Tuesday, April 20, 2010

the Feminine Food Condition

Well, there certainly have been some interesting articles about food in news sources over the last week. NUVO's informative article about factory livestock farming had me, as expected, nodding my head in agreement and admiring Hoosier advocates for healthier farming practices. The widespread reporting on KFC's new double down "sandwich" has me doing less head-nodding, but such is life. What has me thinking the most and reflecting on my own life is the NYTimes Magazine article "The Fat Trap." This article, which is essentially about the hand-wringing challenge of trying to raise a daughter who is healthy and does not possess a "complicated" relationship with food, made me really sad.

 Print by johnwgolden for sale on etsy.
Not sure if this approach is advocated by Orenstein or me.
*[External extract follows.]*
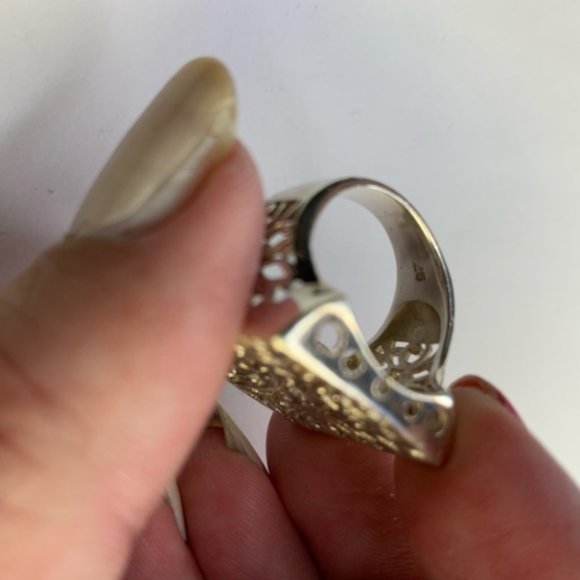 Beautiful Folk Art 925 ring - Picture 3 of 4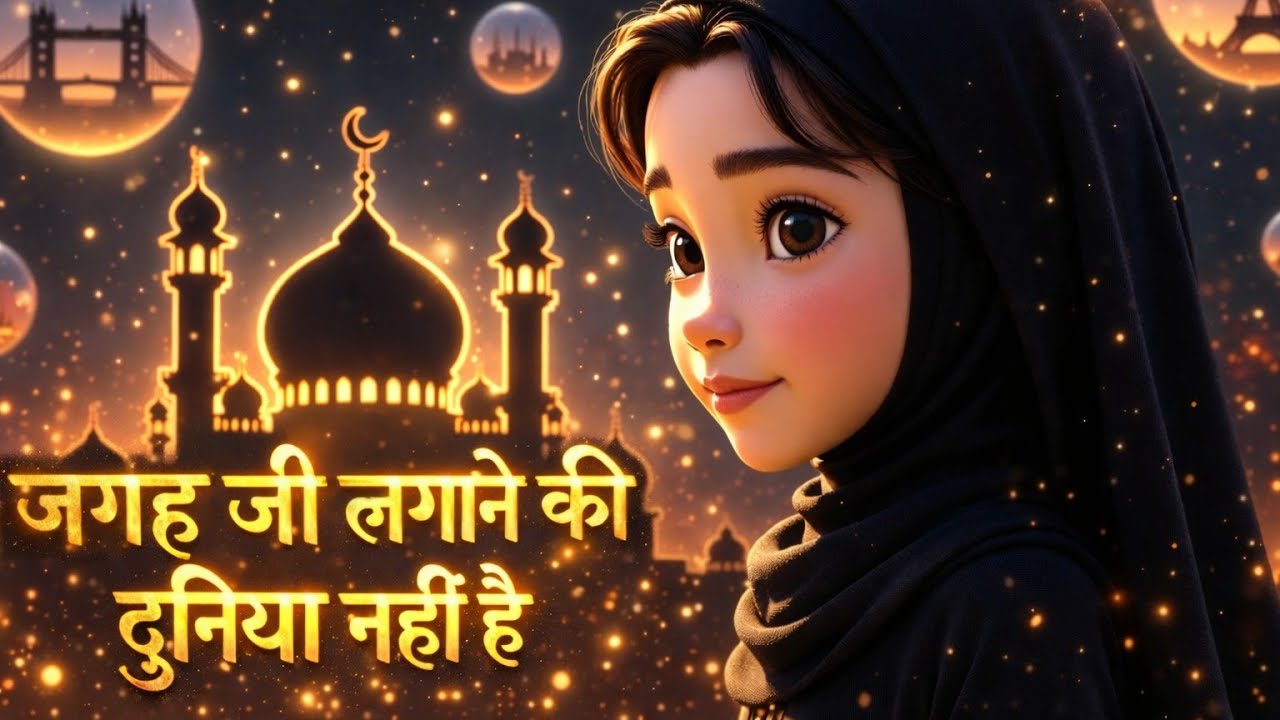 JAGHA JI LAGANE KI DUNIYA NAHIN HAI (NURSERY RHYMES HINDI) URDU NAAT (JAGA JI LAGANE KI DUNIYA NHI H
Essentially, Peggy Orenstein writes a lot about the Obama's public conversations about the health and weight of their daughters, the statistics of both eating disorders and obesity, a little about the problem of Berkley moms (why not dads?) being overly competitive and judgmental about food sources and a little bit more about her own attempts to raise a daughter who "watches her size and accepts her body". Her approach is a "conscious antidiet" and "studied unconcern" when dealing with food and her weight, tossing out the scale and not fetishizing food. But, despite these efforts, she still has a six-year-old daughter asking her to stay slim. 

This is all just depressing for me, as a woman who loves food and who tries each day to make food a health or enjoyment choice and not a moral choice. I made it through years of childhood dance classes, recitals and competition as a perfectionist kid who, amazingly, never adopted a lot of the diet dysfunction of many dancers who surrounded me. I also grew up in a house where we had lots of food choices, mostly healthy, and with parents who seldom, if ever, commented on people's appearances. Though my dad ate lots of junk food and took me along to eat with him, we always had fruit around, too. And none of our choices felt morally coded.
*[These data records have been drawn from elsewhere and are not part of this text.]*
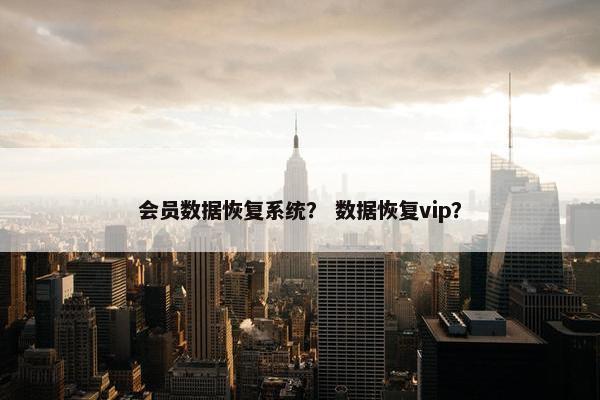 会员数据恢复系统？ 数据恢复vip？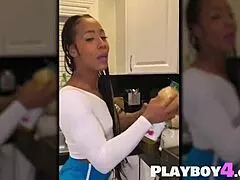 horny black babe misty stone masturbates with toys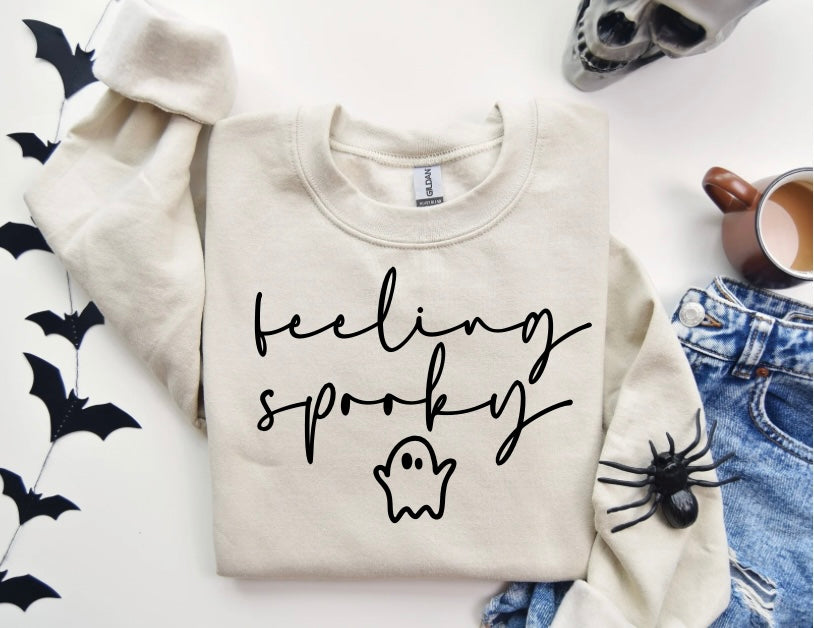 feeling spooky sweatshirt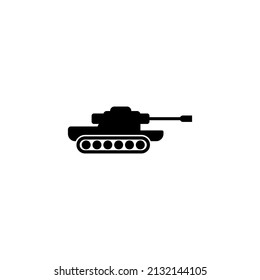 Silhouette Tank On White Background Vector Stock Vector (Royalty Free ...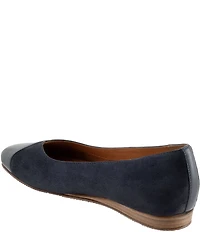 SoftWalk Vina Leather and Suede Mini Wedge Slip On Pumps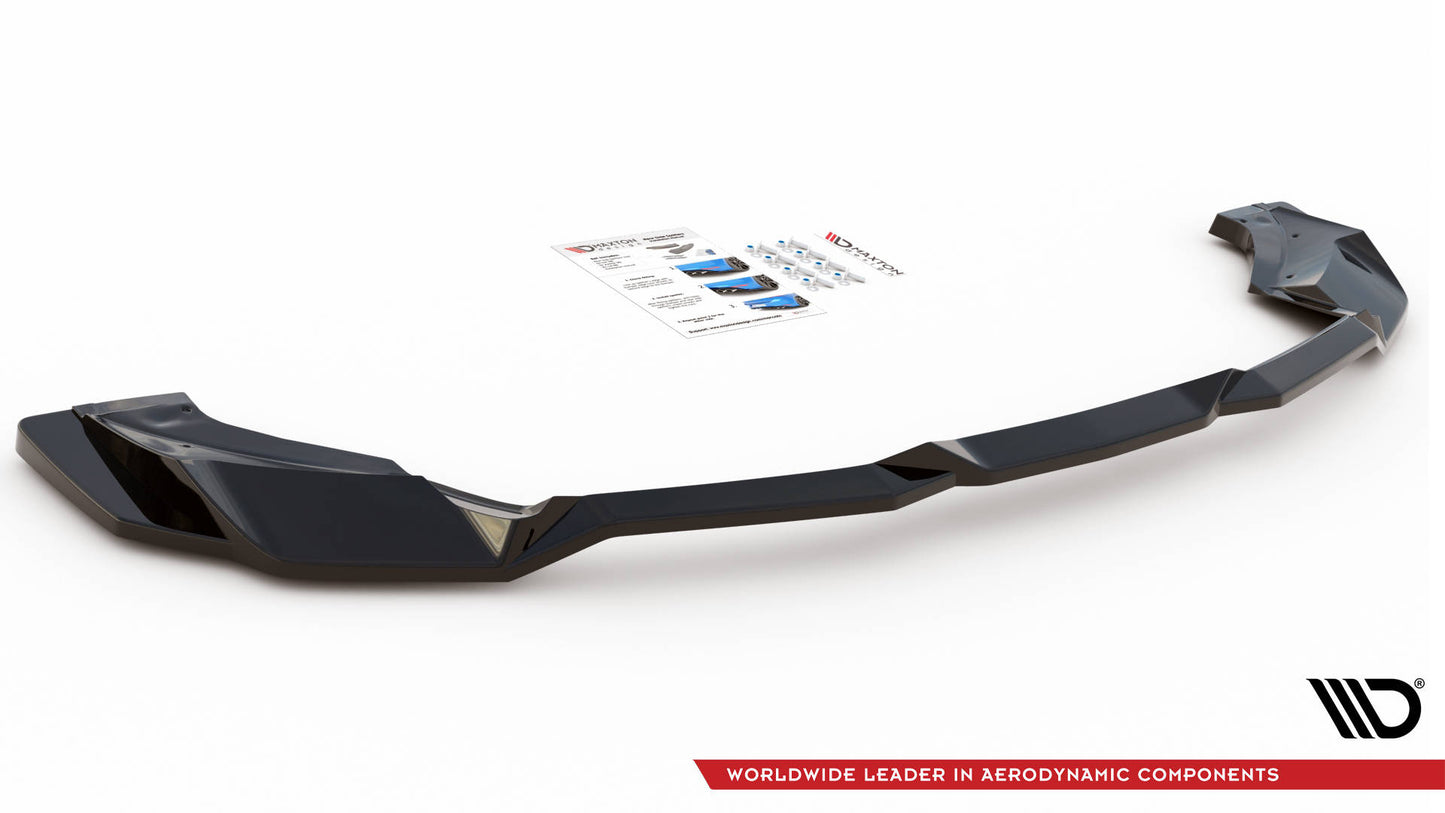 Mittlerer Diffusor Heck Ansatz für Chevrolet Corvette C8 Carbon Look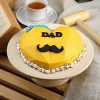 Mustache Father Theme Pinata Cake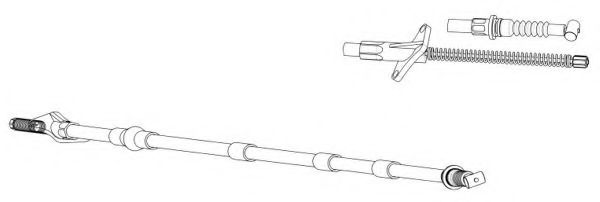 Трос, стояночная тормозная система KAWE OP02211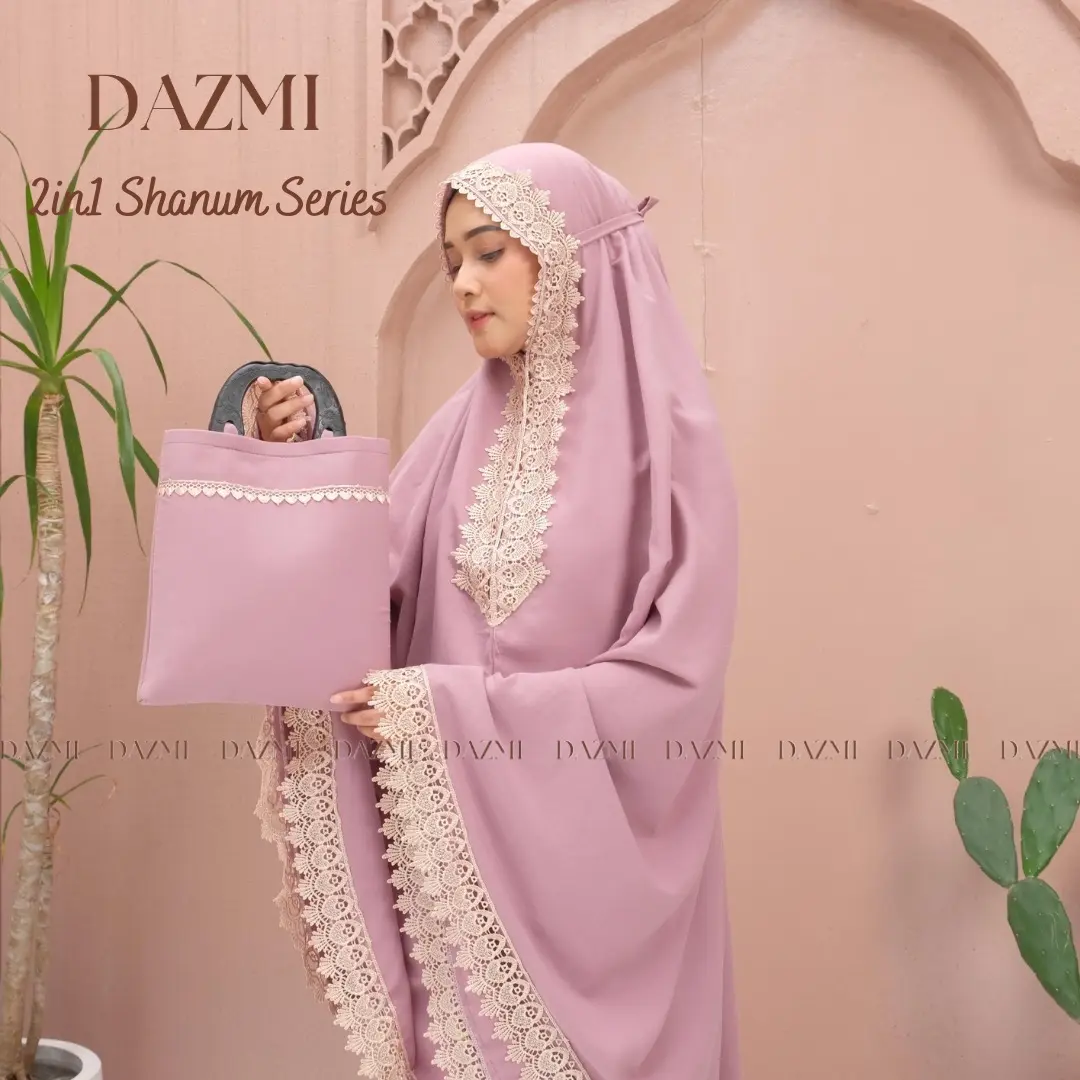 DAZMI - Mukena Dewasa 2in1 Katun Shanum Series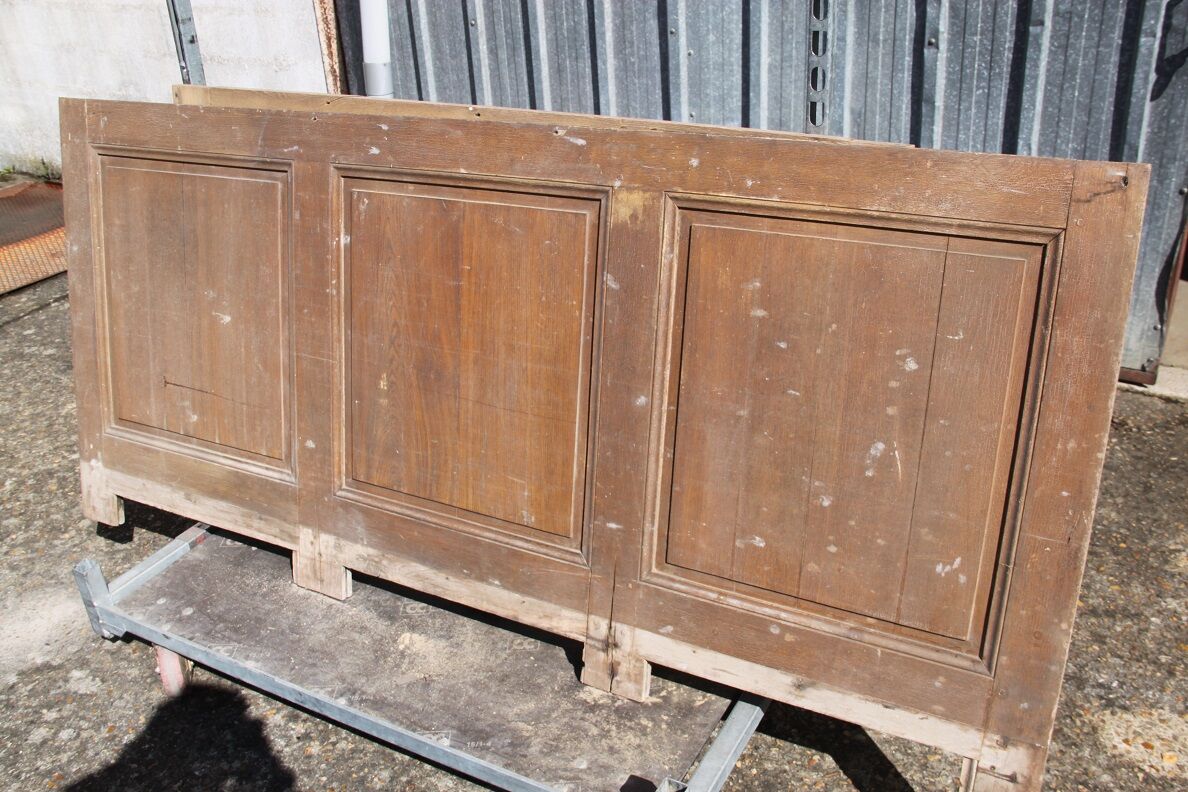 Wood panels in oak XIX emu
To be honest, I've usually been a little bit on the "rounder" side of healthy, maybe because I love food, maybe because I'm less active than I'd like to be. I've had moments where I've been unhappy about how I look, but in the end, I'm most unhappy that I care so much. What I've found as an adult is that it's hard to spend much time with talented, accomplished, whipsmart women without hearing a lot about diets or calories. I've also found, at times, that it's hard not to join in. I'm not a mother, might not ever be, but I do know that I don't want the girls I know to spend their energy on worrying about looks, obsessing about the scale, or experimenting with unhealthy diets. There's much more to life.
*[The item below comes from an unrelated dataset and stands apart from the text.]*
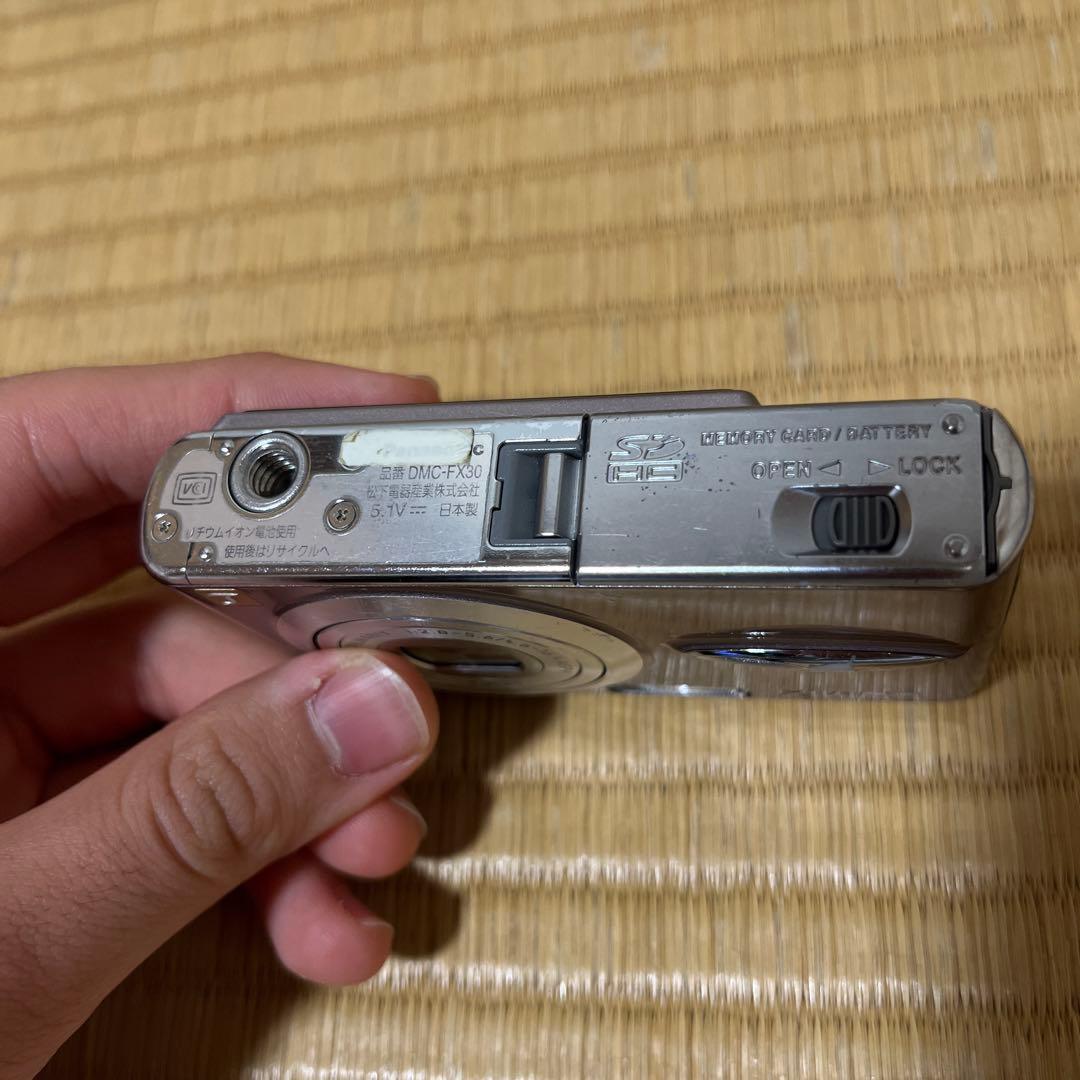 動作確認済み パナソニック LUMIX DMC-FX30-T ブラウン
I would really like to live in a world where we would address issues of women's weight as health issues, not as moral issues. And I'd like us to begin seeing boys' and girls' health on equal terms. If we want girls to stop pleading with their mothers to remain not-fat, then we need to realize that this is in many ways a gender issue and one that women tend to self-perpetuate. We also need to recognize that two parents are involved in raising kids, typically, and that it's not just up to mothers to help kids develop healthy relationships with food and exercise.